For my Christian friends who thinks that church architecture isn't important, consider this study that shows that "One in six young people are Christian as visits to church buildings inspire them to convert"...making architecture one of the most effective method of evangelization.
The youths are starving for beauty and one of the last public place left to come in contact with beauty is a cathedral or a church.
"Beauty Is In The Eye Of The Beholder"
It is a chant we keep on repeating as if that if we repeat it again and again, it will make it more true. The idea behind this is that since different people have different taste, therefore all beauty is subjective.
Someone could look at a pile of trash and find "beauty" in it...some would say.
I disagree with this idea.
First, what people find genuinely beautiful doesn't vary as much as people pretend and secondly, imagine a grade 1 class where the students are learning multiplication tables.

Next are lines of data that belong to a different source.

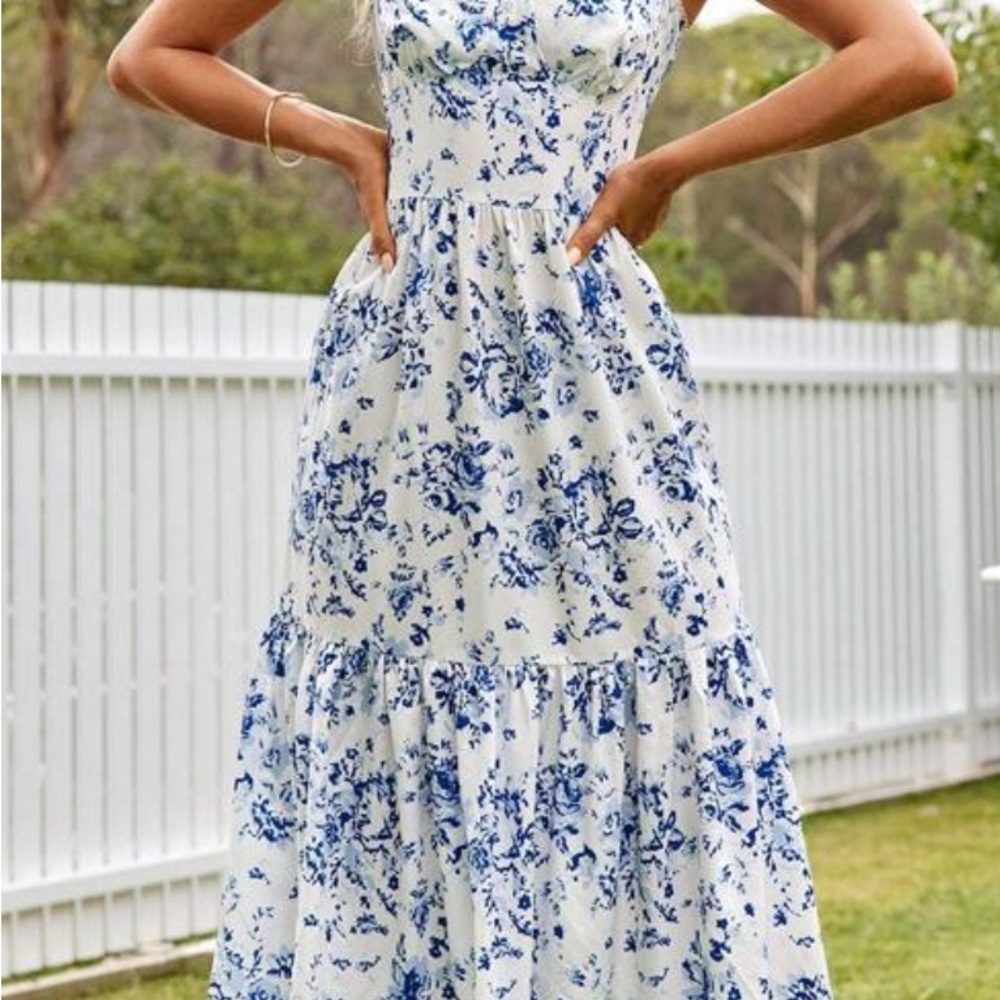 Floral Blue and White Maxi Dress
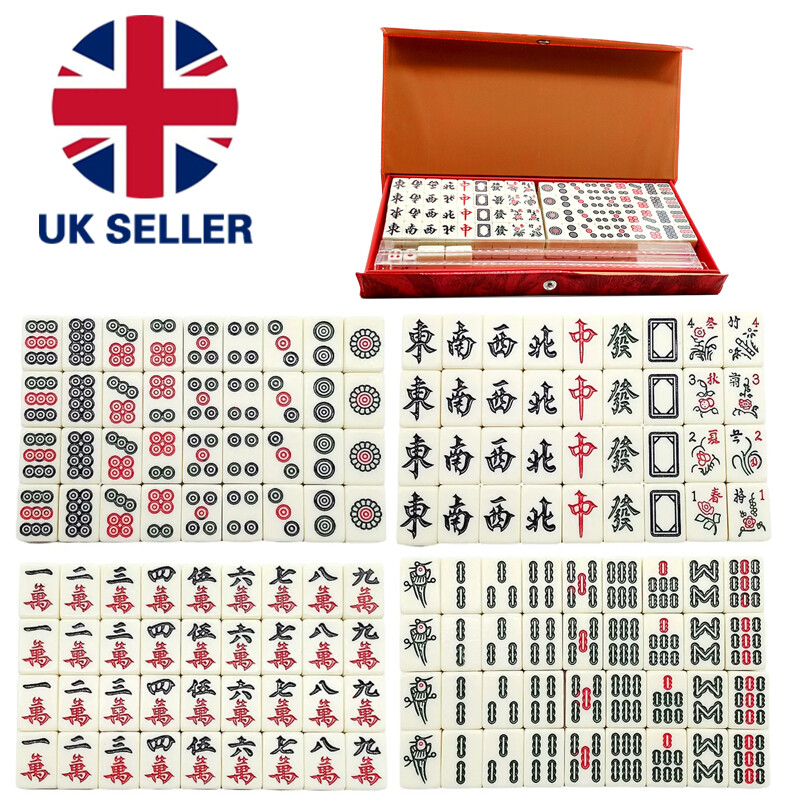 Vintage Chinese Mahjong Set Traditional 146 Tiles Game W Case Box — image 4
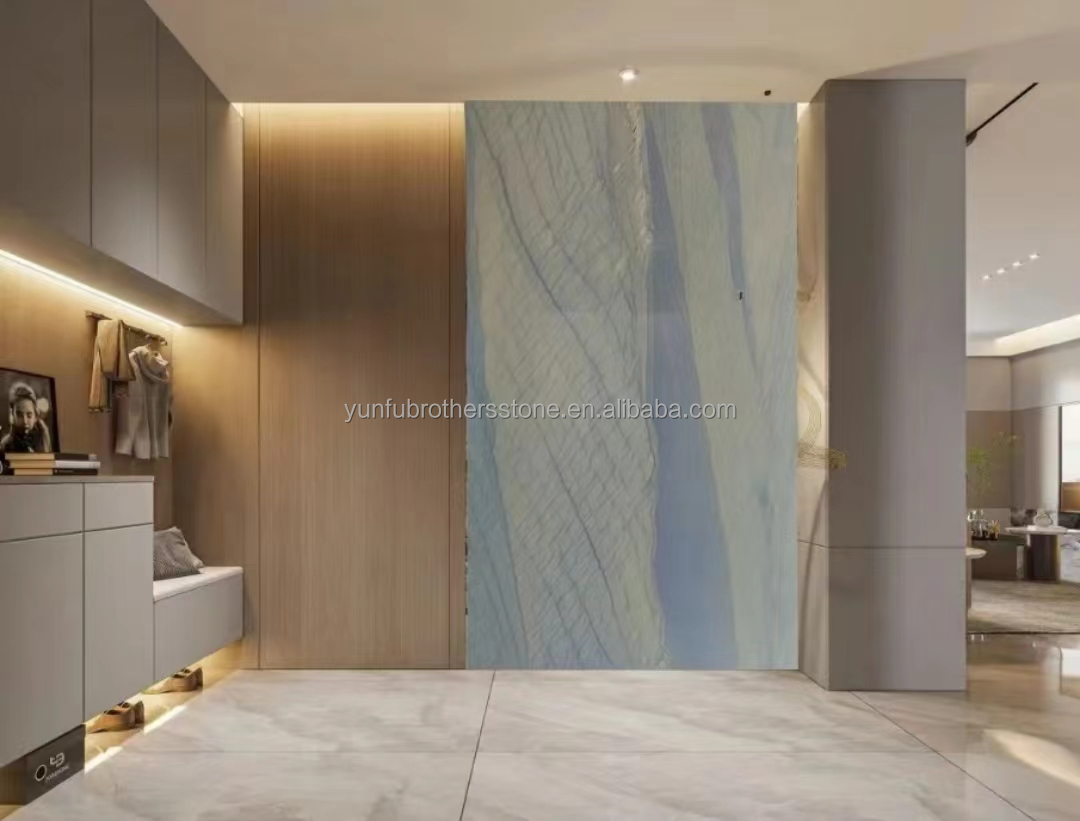 Directly Sell Honed Azul Imperial Slab Blue Sky Quartzite Grand Skylight Marble Tile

The range of answers will vary widely yet, that doesn't mean that there are all correct answers.
As people taste improve, so is someone appreciation of what constitutes beauty. Not everything is beautiful, some things are downright ugly. You can brainwash yourself into believing that the picture below is beautiful, but nobody in 200 years will flock like we do to Paris or Rome (Below is a Houston suburb)
Edits (added after a few conversations): In a sense, objective beauty is found in architecture, paintings and music that is not only appreciated today in a certain time in a certain place by someone...but across diverse people and across time...natural wonders fit that description perfectly. In 200 years, like I said in the comment, we will still be playing the 9th symphony of Beethoven and not "My Hump" by the Black Eye Peas.
Conclusion
Here is a very interesting video from philosopher Roger Scruton. It might give an interesting survey of the deliberate destruction of art and beauty in the last century...which has been, coincidently, the most murderous in world history.
As he says in the video:
Maybe people have lost faith in beauty because they have lost their faith in ideals.
I hope that our culture will turn this around and make Beauty as important as the pursuit of the Good and the True.